In many ways, this past television season was a complete waste of time. Crappy shows were made and then promptly canceled, mostly because the TV viewing audience realized they were crappy and would not support such nonsense. This is a good thing. Executives need to understand that unambitious or formulaic shows will not last (except for police procedurals; there will always be a spot for a new one of those).
Networks rolled out midseason replacements that were actually halfway decent, and while some were able to find an audience, others were not. Comedies continue to their hit or miss trend, and the ones that missed this year really missed.
So with a handful of finales having aired and with others about to, it's time to look at the television season that was, with the winners of the new shows.
Best New Comedy - Network
New Girl - To me, this is the only reasonable choice in this category. The networks were flooded with new comedies, but most of them didn't last past a couple of episodes because people realized they would rather watch nothing Duck Dynasty than some of these (with the exception of Whitney, which for whatever reason, is actually popular. It shouldn't be, it's terrible, and anyone who watches it should be in jail).
New Girl, however, managed to feel fresh and, well, new, every week. It was anchored by an excellent cast (notably Jake M. Johnson and Max Greenfield as roommates Nick and Schmidt respectively). Building momentum with outrageous scenarios and then topping it off with genuinely sweet moments, New Girl managed to evolve from just a vehicle for Zooey Deschanel (which is not a bad person to build a show off, but the other characters really helped this to become a must watch show).
Best New Comedy - Cable
Life's too Short - Cable didn't have a lot to offer in this regards this year, but Ricky Gervais and Stephen Merchant's newest mockumentary proved to be funny and witty, while maintaining the classic uncomfortable moments that make their productions different.

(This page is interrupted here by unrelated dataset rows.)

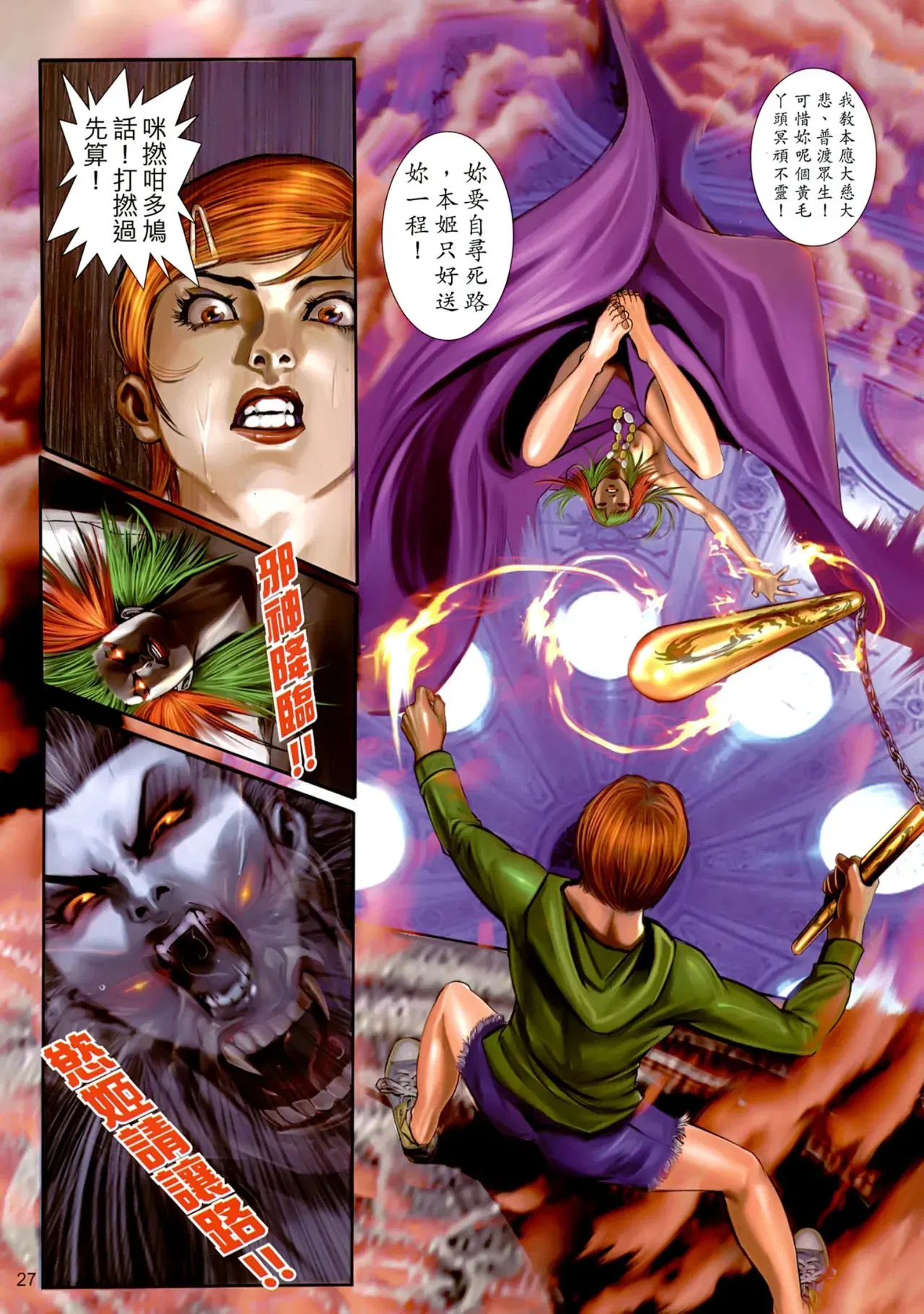 Image #26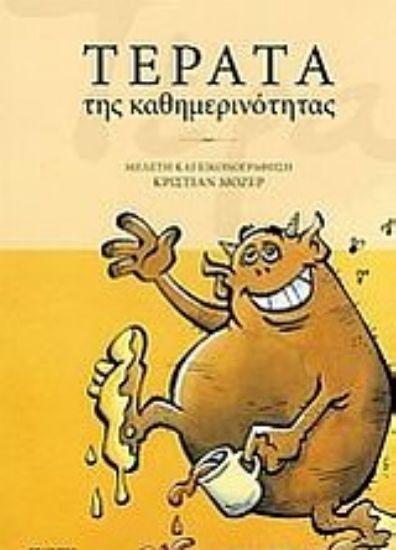 Εικόνα Τέρατα της καθημερινότητας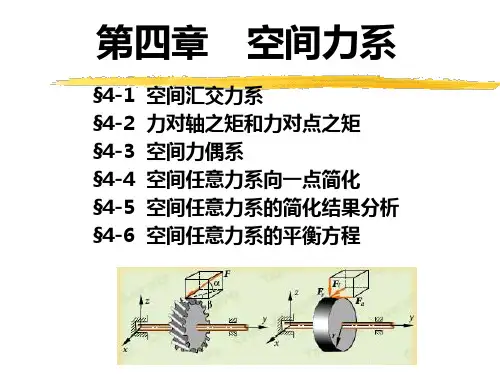 材料力学：第四章  空间力系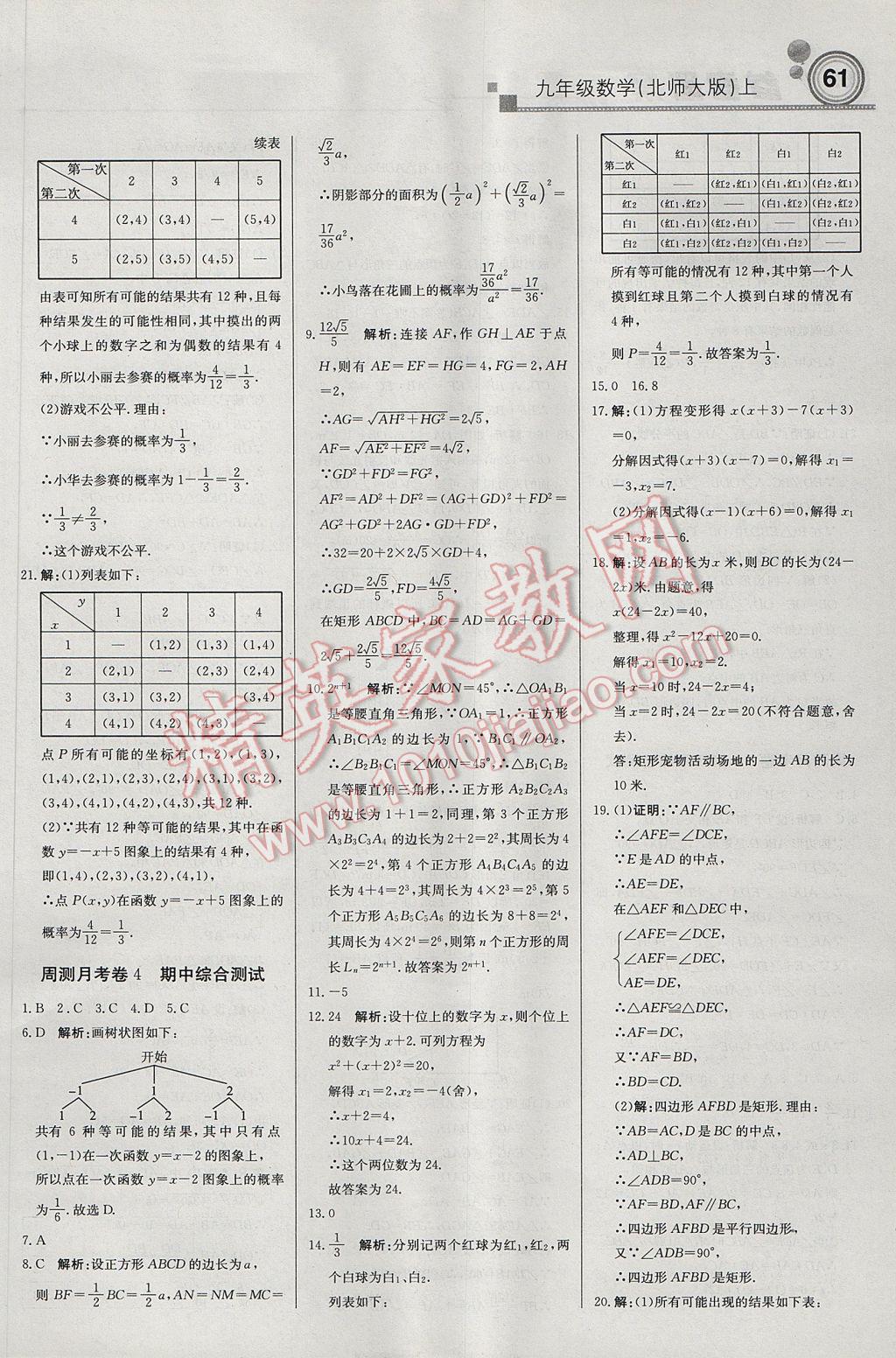 2017年輕巧奪冠周測(cè)月考直通中考九年級(jí)數(shù)學(xué)上冊(cè)北師大版 參考答案第13頁(yè)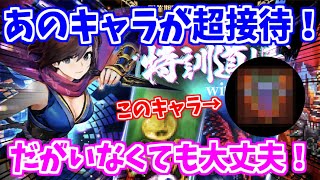 【ロマサガRS】200万ダメージに挑戦！超接待キャラがいるがいなくても大丈夫？【ロマンシング サガ リユニバース】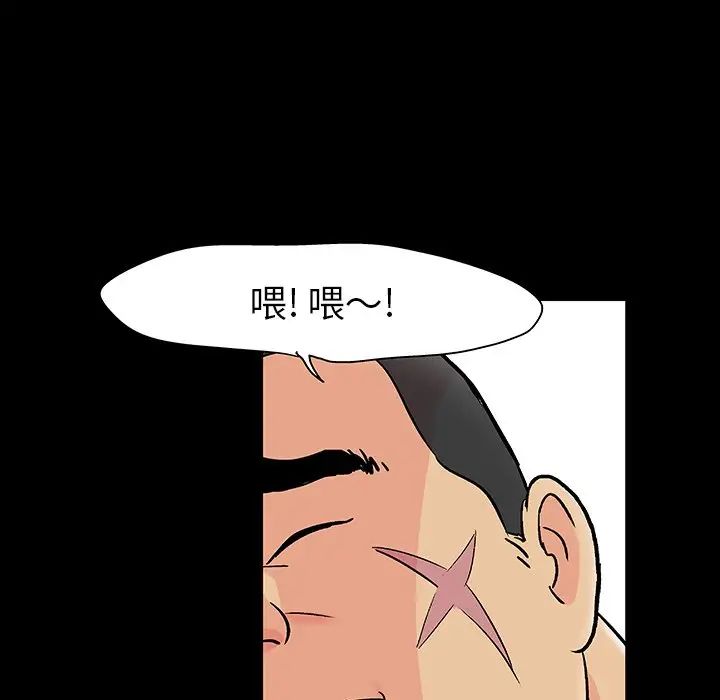 《反乌托邦游戏》漫画最新章节第110话免费下拉式在线观看章节第【76】张图片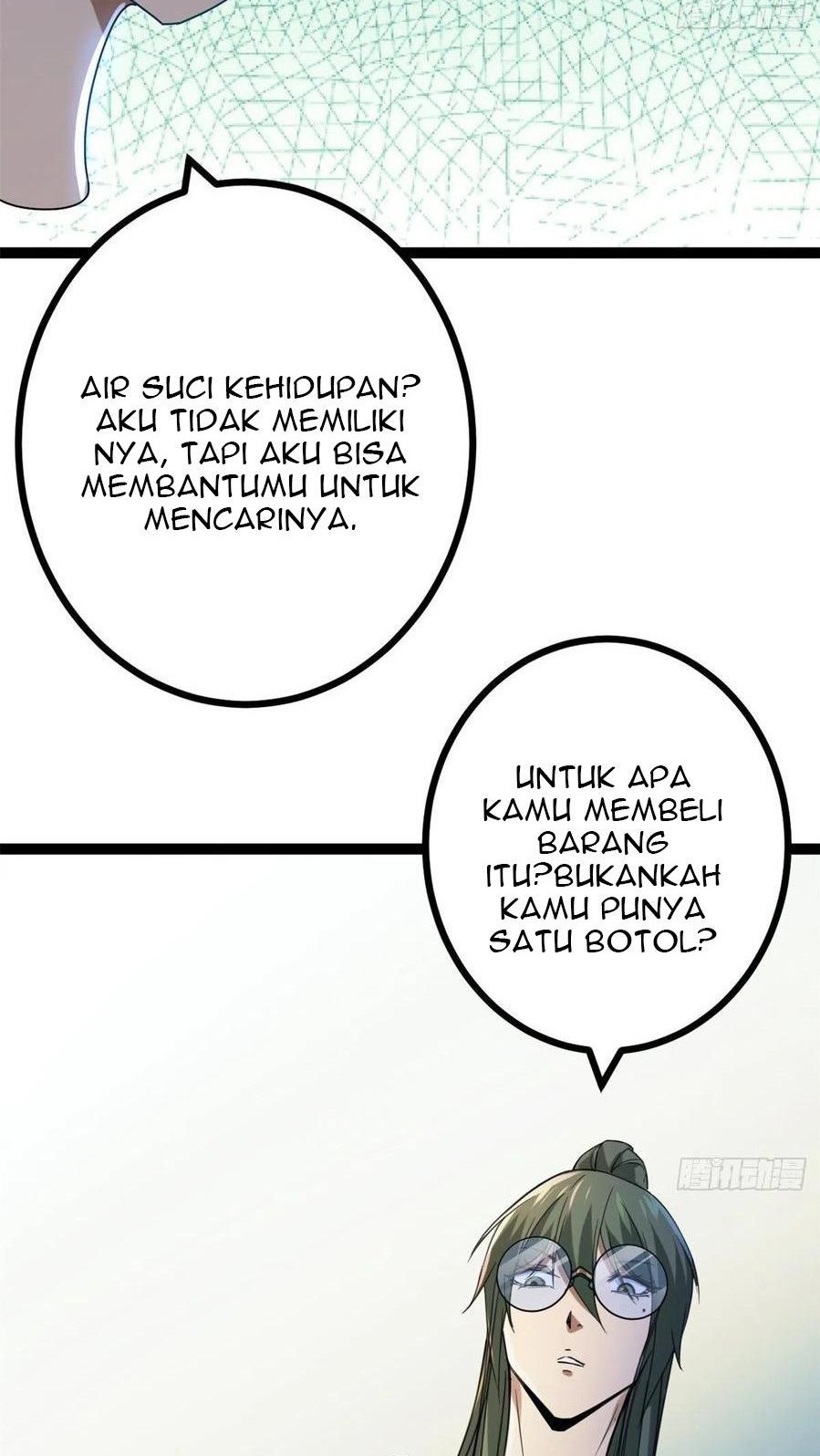My Shadow Hangs Up Chapter 87 - halaman 2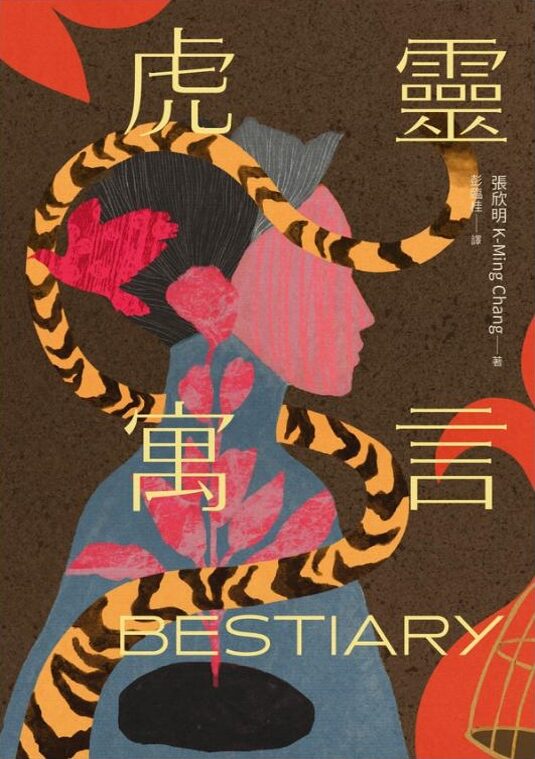 虎靈寓言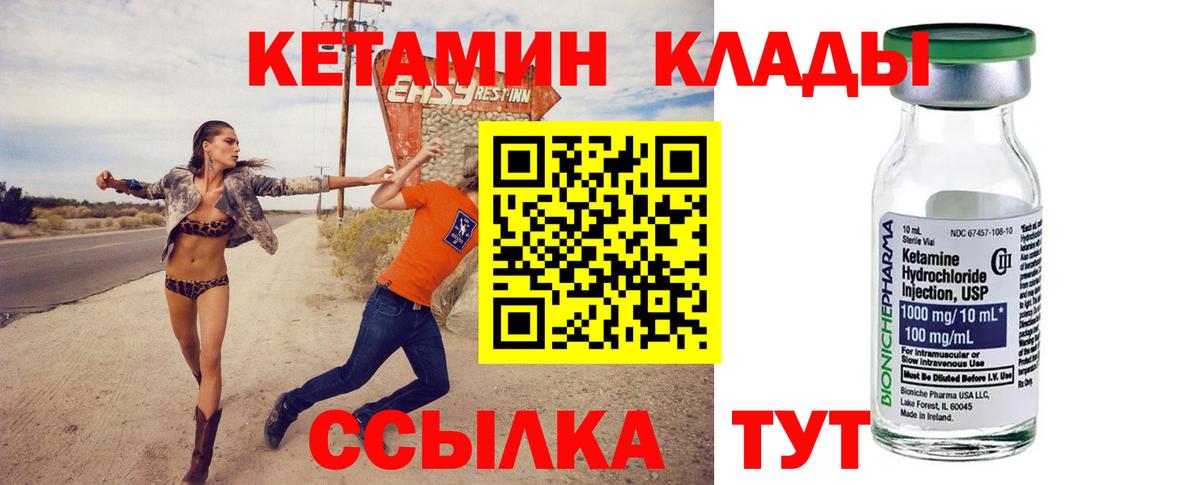 Кетамин ketamine Когалым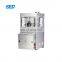 224640 pcs / h High Speed Rotary Type Candy Tablet Press Pill Press Machine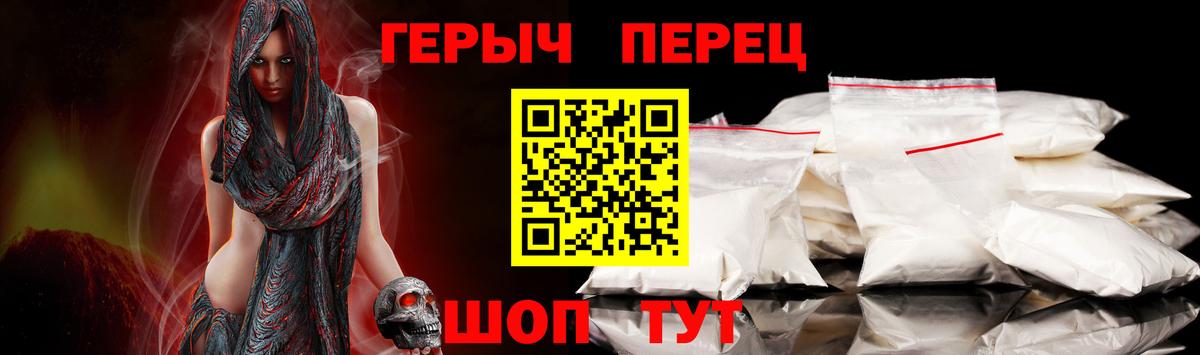 Киселёвск  ГЕРОИН  Вход с VPN  ГЕРОИН хмурый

While not as good as Extras (and while being compared to it) or The Office, and perhaps featuring less Gervais than people are used to or would like, Life's too Short featured Warrick Davis in a fictionalized version of his life that made you feel bad for him while not quite falling in love with him because of his arrogant attitude. It's a blend of character that Gervais and Merchant have worked out well and perfected over the years of working together.
Best New Drama - Network
Person of Interest - A police procedural on the surface, but harboring all sorts of moral questions about government and privacy. Plus anchored by two excellent leading actors in Michael Emerson and Jim Caviezel, Person of Interest was one of the few new shows to actually make it to a second season.
Spreading the narrative out throughout the entire season and mixing in a couple multi-episode arcs, it was easy to stay interested in this show. And if that weren't enough, there are the personal backstories of Finch and Reese to keep us interested, to find out why the machine was built and if it was a good and moral decision.
Best New Drama - Cable
Luck - With all due respect to Homeland, Luck was a more entertaining and engrossing tale of gambling and deceit. Originally given a second season, HBO pulled the plug on it after a third horse was killed in the filming of this series.
David Milch continues his command of intelligent programming and a creation of a world that is foreign to us. Focusing on the horse racing world and the people who inhabit the track, it was always difficult yet rewarding to focus on an episode. And although killed off prematurely, numerous stories were wrapped up in the season finale to make it worth your while.